Fidelity Top Trader Shifts to 'Strategic New Biz'

Scott DeSano, Fidelity Investments' high-profile head trader, is now working for the firm's strategic new business development unit, Fidelity confirmed Tuesday.

Fidelity declined to comment whether the move has anything to do with increasing heat from regulators, which now includes U.S. Attorney General Michael J. Sullivan in Boston. The government is looking into allegedly lavish gifts to DeSano, Fidelity Chairman Ned Johnson and Fidelity heir apparent Abigail Johnson, as well as whether brokers offered Fidelity traders drugs in exchange for their directed-brokerage business.

The move comes amid a broad regulatory probe into gift giving and entertainment on Wall Street. Fidelity and DeSano have been targets of this investigation, which the NASD and the Securities and Exchange Commission initially spearheaded.

DeSano was one of 14 Fidelity employees disciplined late last year for failing to supervise some of his employees. According to The Wall Street Journal, the firm's internal disciplinary action included a fine of roughly $50,000.

One of the Most Powerful

It isn't known whether DeSano's transfer from trading to business development is connected to the gift probe, but the 44-year-old is widely regarded as one of the most powerful traders on Wall Street.
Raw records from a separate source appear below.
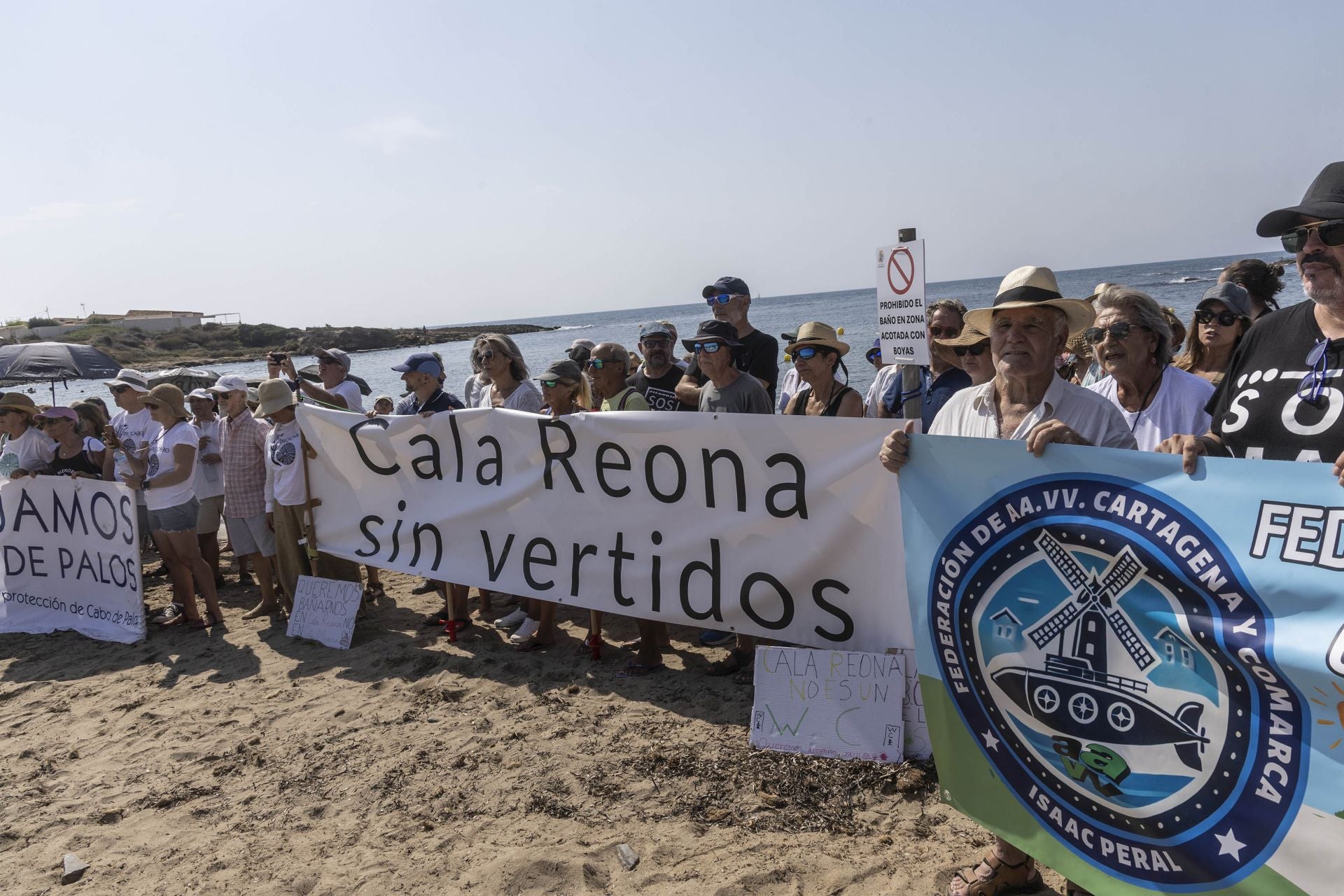 En imágenes, el Abrazo al agua de Cala Reona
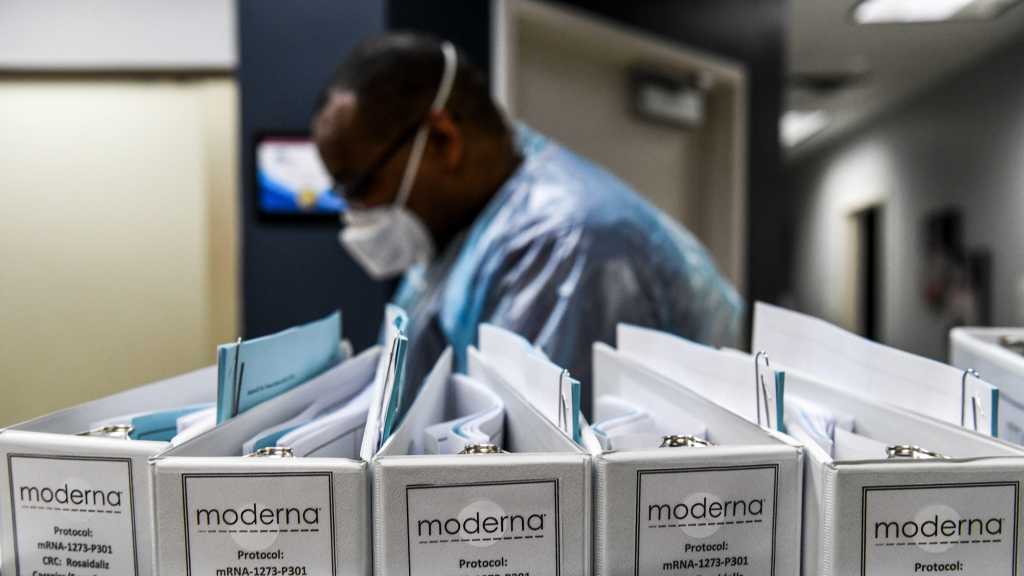 Coronavirus: les restrictions se multiplient, le vaccin de Moderna suscite l’espoir
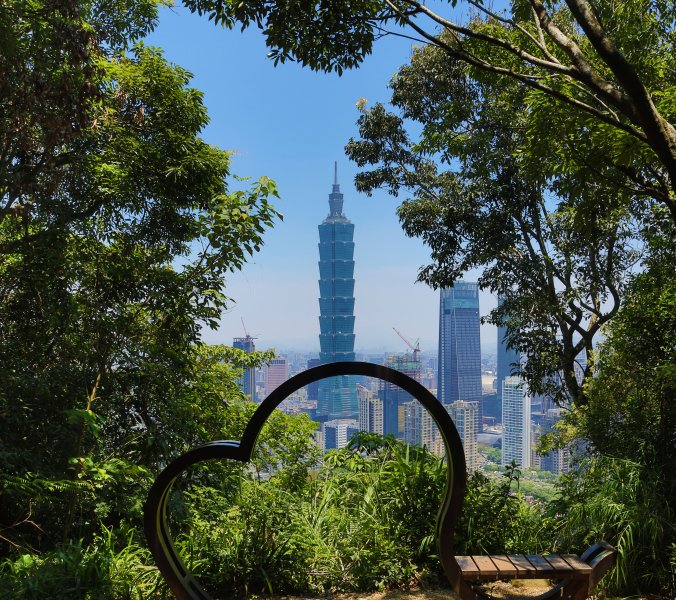 Taipei 101 und die Skyline von Taipeh, aufgenommen vom Elephant Mountain am 22. Juni 2026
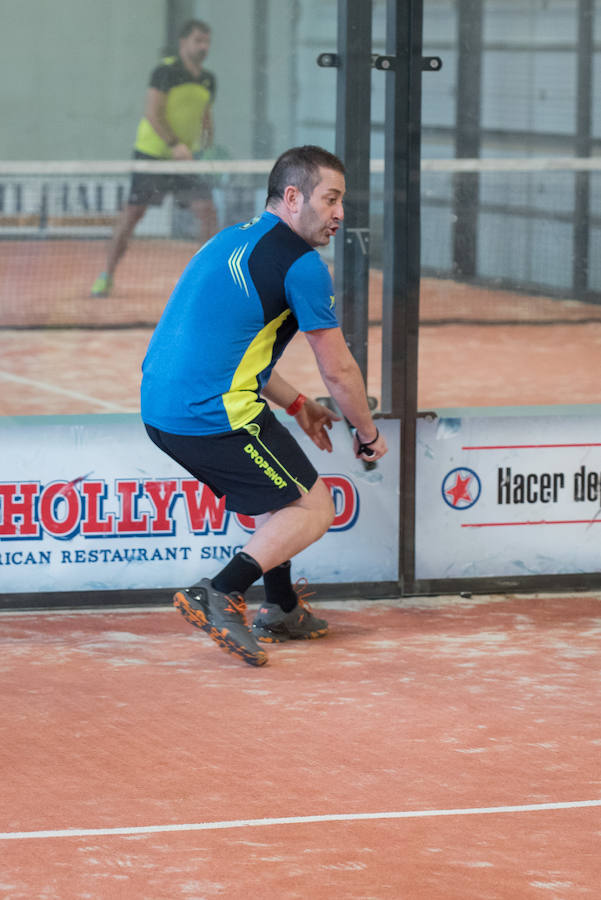 Las mejores imágenes del Torneo Leonoticias de pádel celebrado durante el fin de semana en las instalaciones de Pádel Park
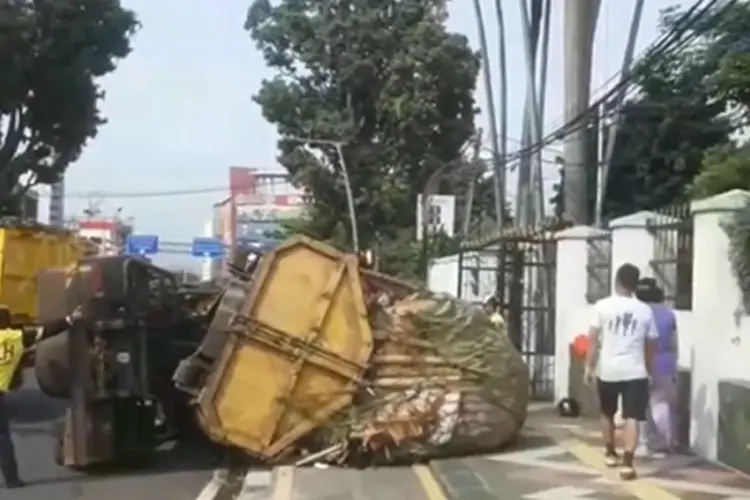 Viral! Truk Sampah di Bogor Terguling karena Kelebihan Muatan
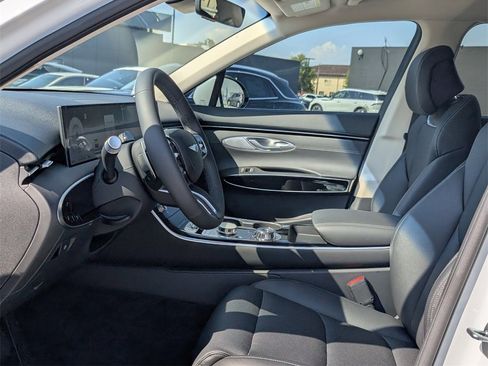 New 2026 Genesis GV70 2.5T image 12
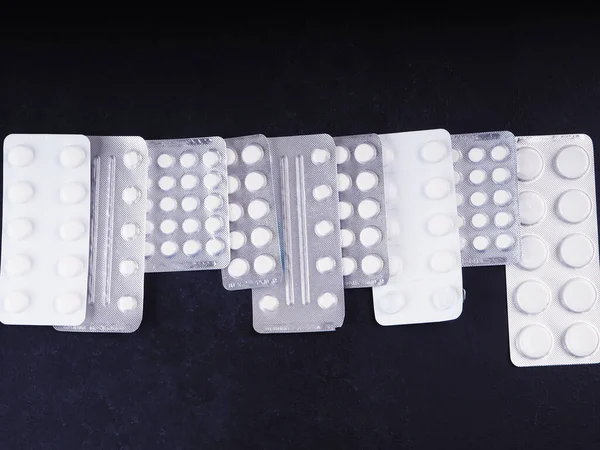 Pillen in Plastikverpackung. Konzept der Gesundheitsfürsorge und Medizin. Coronavirus 2019-nCoV, Thermometer, laufende Nase, Behandlung der Krankheit — Stockfoto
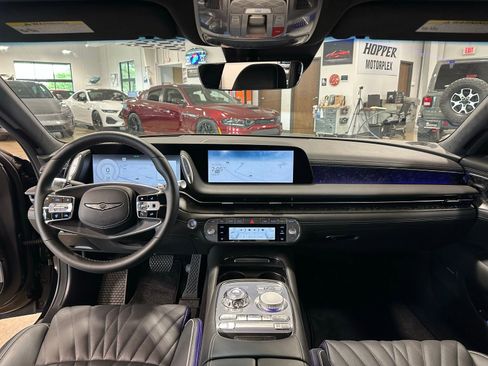 Used 2025 Genesis G90 3.5T AWD/4WD image 17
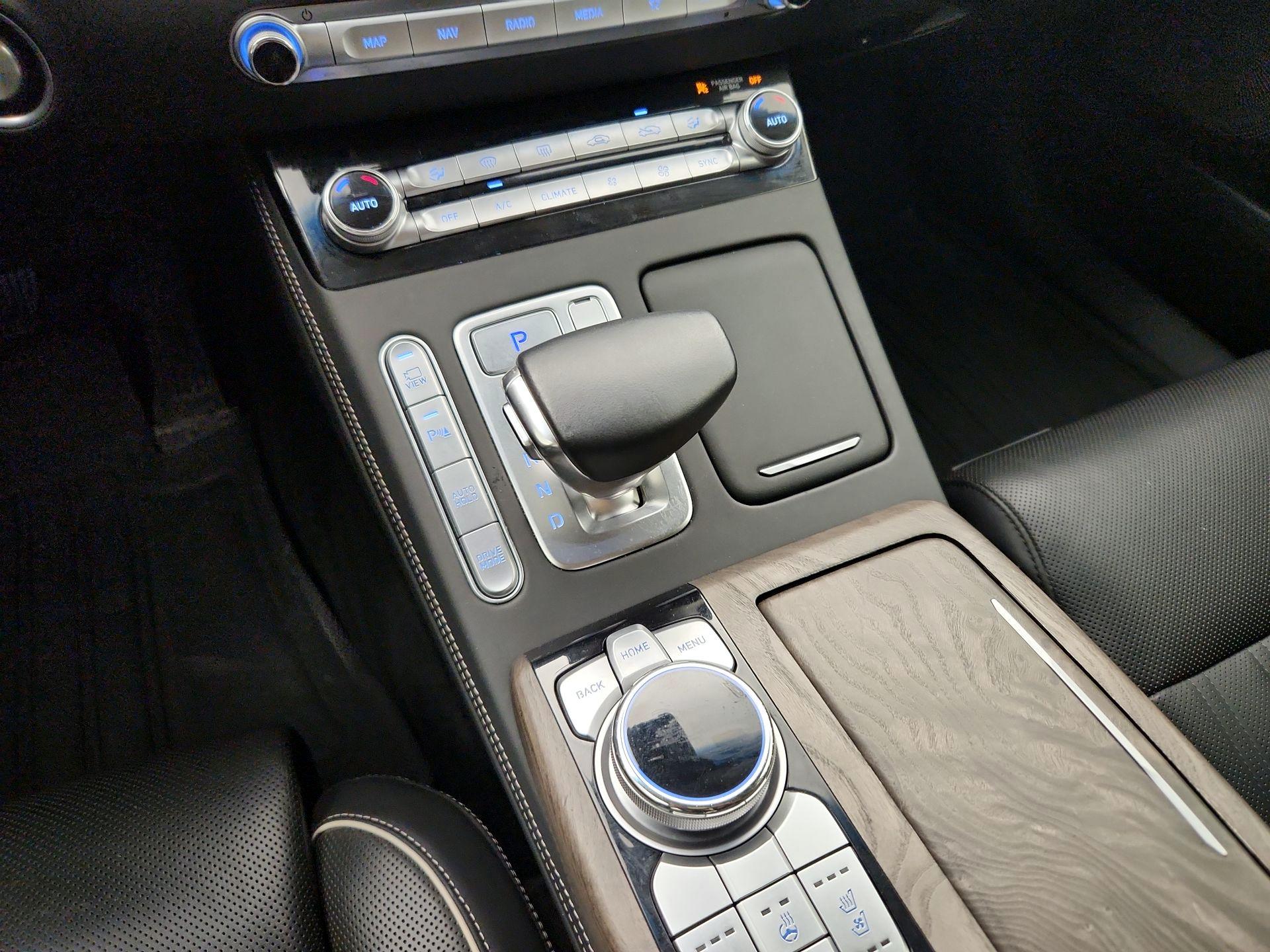 Thumbnail: 2020 Genesis G90 - 18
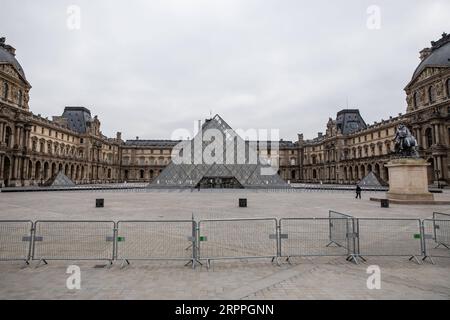 200317 -- PARIS, le 17 mars 2020 Xinhua -- photo prise le 17 mars 2020 montre le musée du Louvre fermé à Paris, France. La France a détecté 7 730 cas d’infection à coronavirus, et 175 personnes sont mortes du virus, a annoncé mardi le directeur général de la Santé Jérôme Salomon lors d’une mise à jour quotidienne. Mardi midi, la France a été mise en confinement pendant au moins 15 jours. Seuls les voyages réellement nécessaires, par exemple pour des raisons professionnelles ou de santé ou pour acheter des aliments, sont autorisés. Photo Aurelien Morissard/Xinhua FRANCE-PARIS-COVID-19-LOCKDOWN PUBLICATIONxNOTxINxCHN Banque D'Images
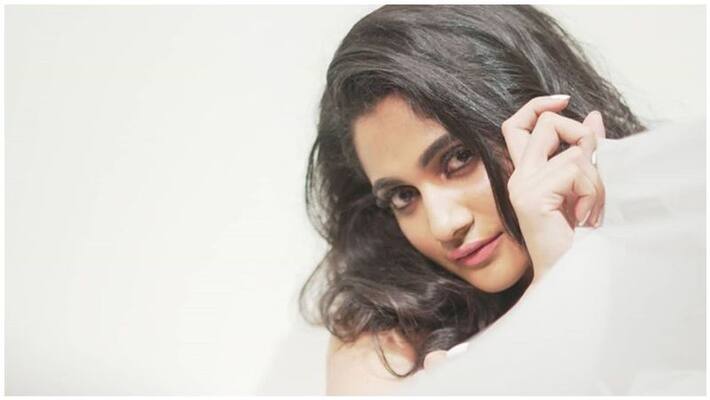 bigboss losliya slim fit shocking photo goes viral in social media bigboss losliya slim fit shocking photo goes viral in social media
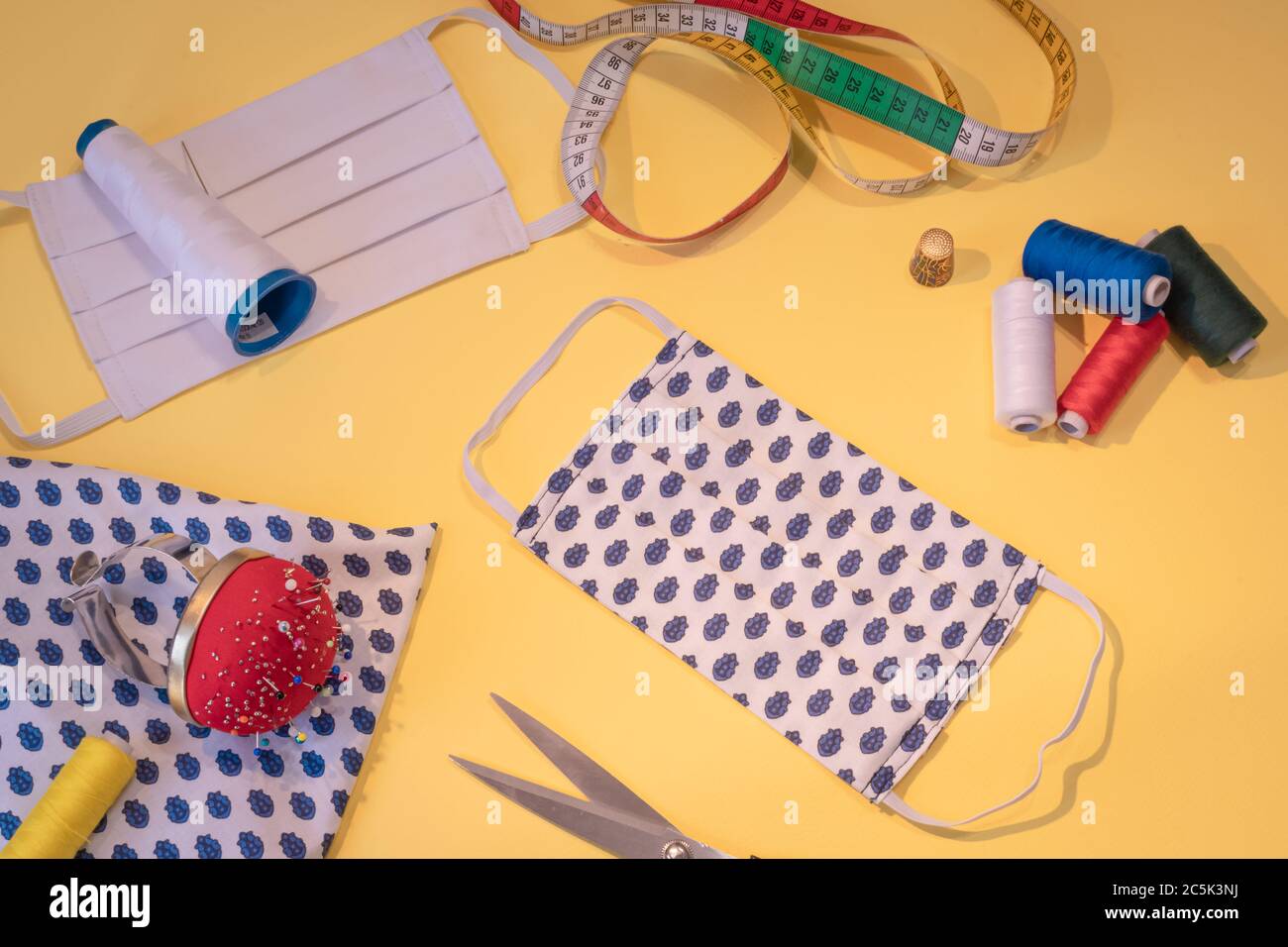 Produzione di maschere lavabili per la protezione del viso contro virus Covid-19, coronavirus, allergia, epidemia e pandemia globale. Foto Stock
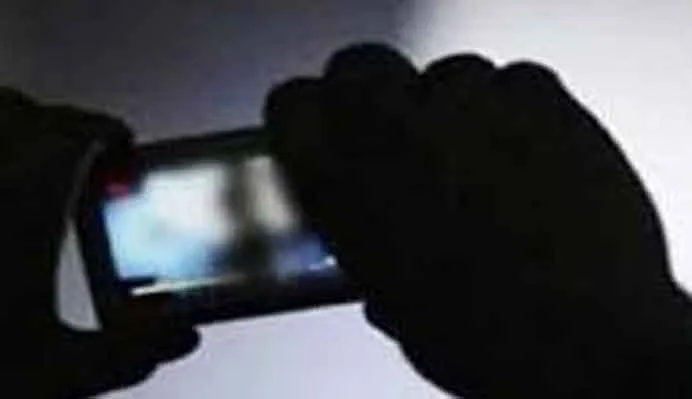 ...और नालंदा में अब अजीबोगरीब वीडियो वायरल, नग्न युवती कर रही होटल में आत्महत्या का प्रयास 22 and now strange video viral in Nalanda naked girl attempting suicide in hotel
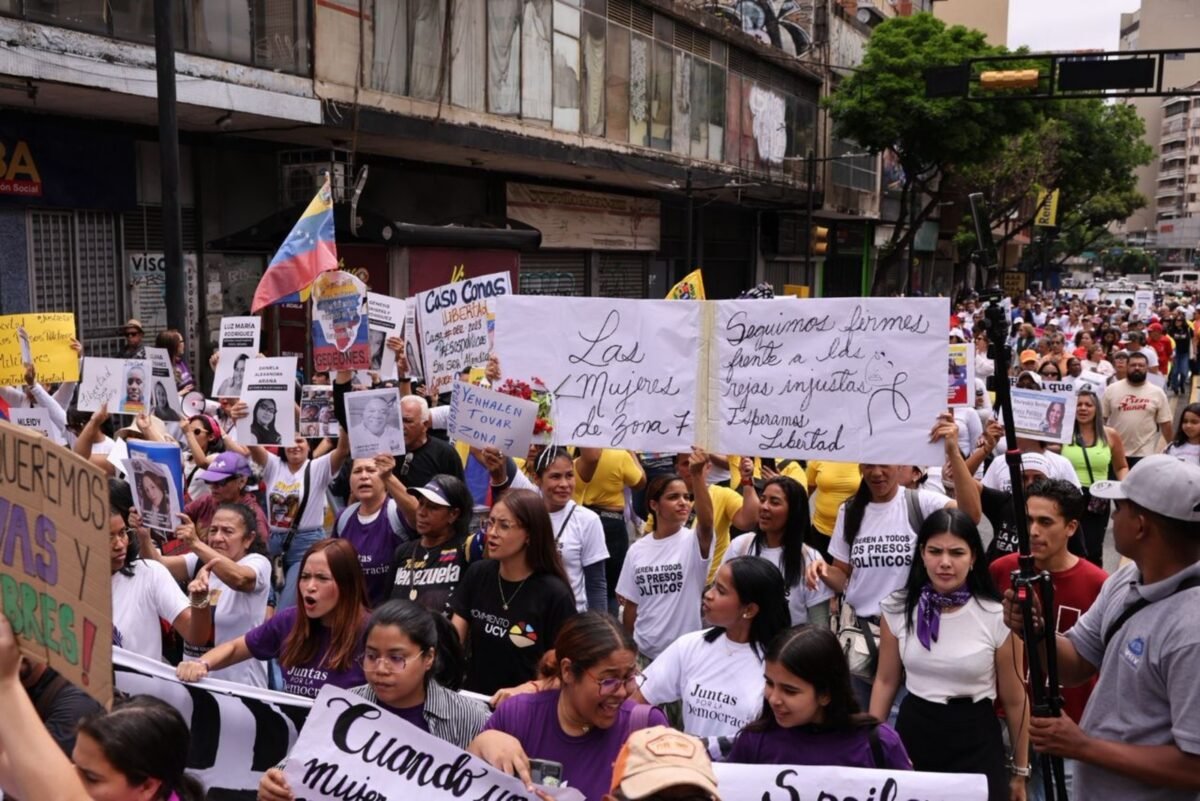 En Imágenes: Mujeres marcharon en Caracas para exigir libertad en su día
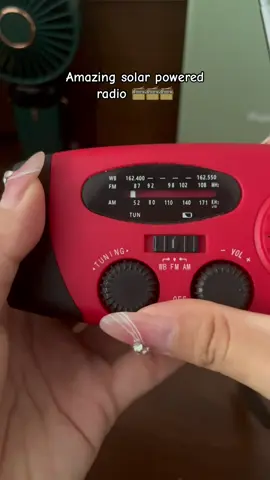 Amazing solar powered radio 📻📻📻 #uk #coolproducts #amazongadgets #lifehacks #tiktokmakemebuyit #fyp #viraltiktok #tiktokmusthaves #goodthing #amazonfinds #tiktokfinds #TikTokShop #foryou #radio #ledlights #solarpowered 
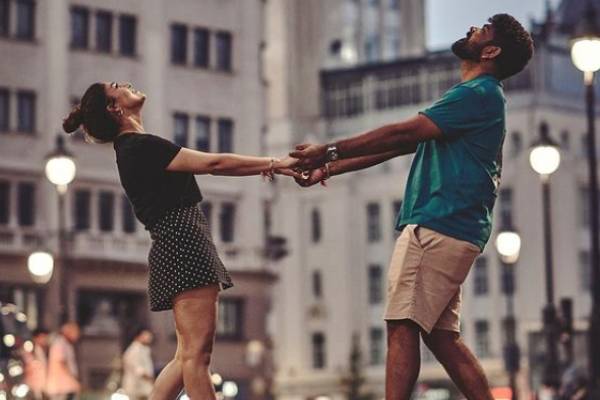 உலக புகழ்பெற்ற தீவில் நயன் விக்கி ஹனிமூன் கொண்டாட்டம்! ஒரு நாள் வாடகை மட்டுமே இவ்வளவா? | Nayan Wiki Honeymoon Photoshoot Viral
He became Fidelity's head of stock trading more than eight years ago and is renown for overhauling the company's trading operations, saving hundreds of millions of dollars a year for fund shareholders and also squeezing profits from the Wall Street brokers who buy and sell stocks for the company's mutual funds.

DeSano was instrumental in bringing Fidelity's trading costs, once in line with the industry average, to half the industry average, as documented by research firm Abel/Noser.